Das Wort zum Sonntag und Ben Becker

Gestern ging ich, wie beinahe täglich, an der Elisabethschule vorbei. Rechts davon befindet sich die Bank, und vorne die Kirche. Bank, Schule, Kirche: die Trinität des Abendlandes, die Dreifaltigkeit unserer Hemisphäre. Und was musste ich da sehen? Angepappt an die Lithfassäule, dort, wo vor einiger Zeit der Plakatständer mit: «Daham statt Islam» der FPÖ stand, den ich mit einem E-Mail an die Bezirksvorsteherin entfernen ließ; was stach mir da ins Holzauge wie der mit Curare vergiftete Pfeil eines ausgestopften Amazoniers?
«Ben Becker liest die Bibel».
Ben Becker, der sich für einen Schauspieler hält – Gott weiß vielleicht, warum -, tourt durch die Lande und liest dem geneigten Publikum aus der Bibel vor.
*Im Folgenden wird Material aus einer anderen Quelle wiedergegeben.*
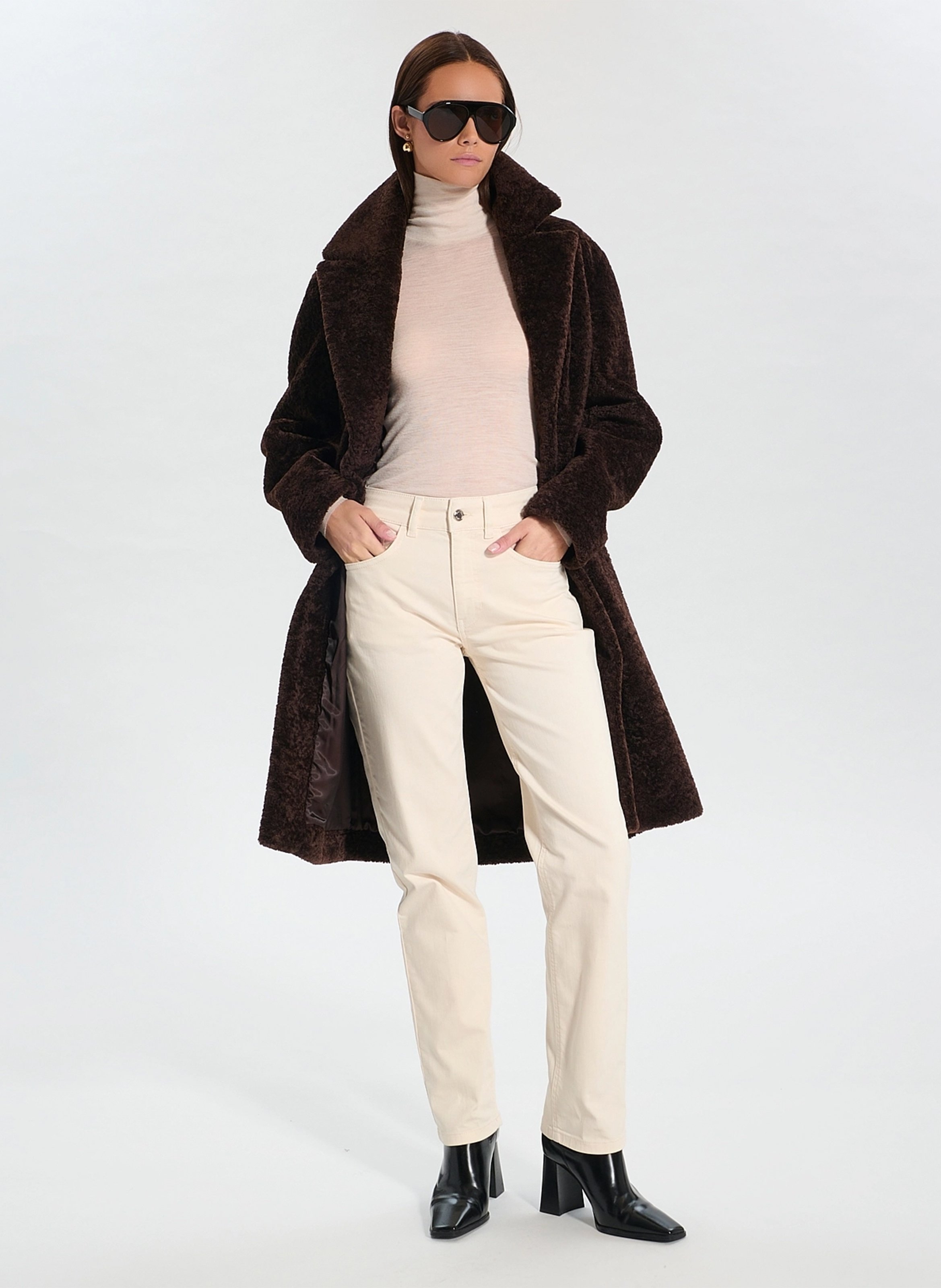 Coat with fur-lined tailored collar ZAPA Brown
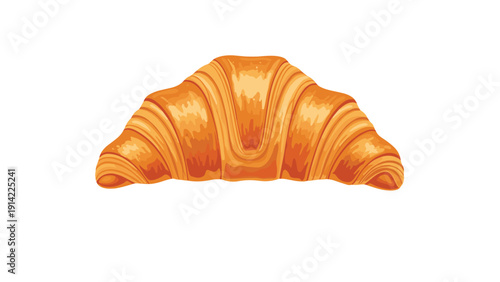 Golden-brown flaky croissant with a crispy crust and soft interior is a delicious breakfast pastry from France.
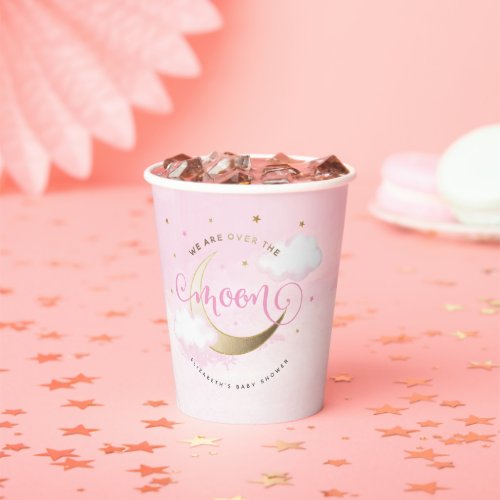 Pink Over the Moon Paper Cups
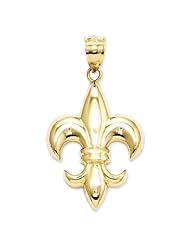 14k Yellow Gold Medium Fleur-De-Lis Pendant. Metal Wt- 2.25g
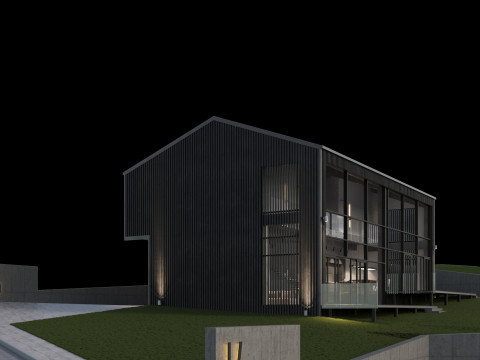 Modern barn house with furniture 3D 模型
Damit des Glückes nicht genug, denn ich durfte ihn dann später noch im Fernsehen sehen, kurz bevor wir das 4-fach gemoppelte Wort zum Sonntag genießen durften, das man in Ösi-County eine Diskussion nennt. Zum Thema: Minarette, Islam, usw.
Das Ding war so entsetzlich lahm, dass ich mich auf der Seite von Andreas Mölzer fand, obschon sein Christen -und Heimatfimmel mir fürchterlich zuwider ist, aber auch zuwider war mir die ins Keifen driftende Stimme von Frau Vassiliakou, und das Geknete der rosa-fleischigen Metzger-Hände von Anas Schakfeh.
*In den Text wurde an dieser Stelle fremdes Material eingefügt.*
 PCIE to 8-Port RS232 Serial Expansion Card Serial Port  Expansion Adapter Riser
Aber wurscht. Wer Ben Becker mit der Bibel sieht, der hat auch alles andere verdient.

Ben Becker im Gespräch mit einem Herrn der Kirche. Ben Becker mit Hut. Ben Becker mit 4 (in Worten: Vier) Backgroundsängerinnen, und einem etwas unterbesetzten Symphonieorchester.
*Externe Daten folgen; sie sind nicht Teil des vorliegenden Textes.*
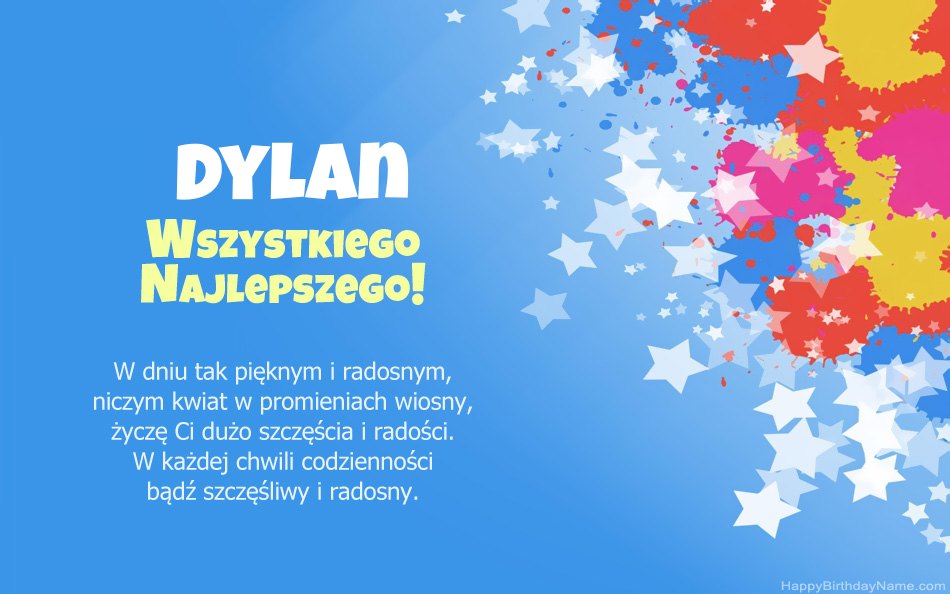 Felicitaciones por el cumpleaños de Dylan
Man wurde das Gefühl nicht los, dass er sich für Nick Cave hielt, der die Offenbarungen des Johannes las. Aber er kam eher wie Andy Borg rüber, der als Joseph Beuys aufgebrezelt, aus den Memoiren vom Ratzinger Karl vortrug. Ach, was! Es gab schlimmeres. Nur was?

Ich dachte daran, was so ein Orchester mit 4 Backgroundsängerinnen auf Tour wohl so kosten könnt, all die Hotels und Dinners und Gagen und Taxis und Flüge und Duschgels und Klarinetteplättchen und Sektgläser und 4-fache Whiskeys und die kalten Buffets?
Ich kam damit nicht richtig weiter, aber eins wurde mir klar: Die Suche nach Erbauung musste groß sein. Was heißt hier groß? Enorm. Riesig. Massiv. Mega. Giga.
Nicht, dass die nach Erbauung Dürstenden sich die Bibel vom Regal krallten (so dort eine stünde), nein, sie zahlten massiv Eintritt um sich das Teil von einem Schauspieler-Imitator vorlesen zu lassen, wie kleine Kinder die Gute-Nacht-Geschichte.
Als ich mir das alles vergegenwärtigt hatte, war ich wieder mal soweit es mir einzugestehen: Alles, was auch geschehen mag, wir haben es verdient.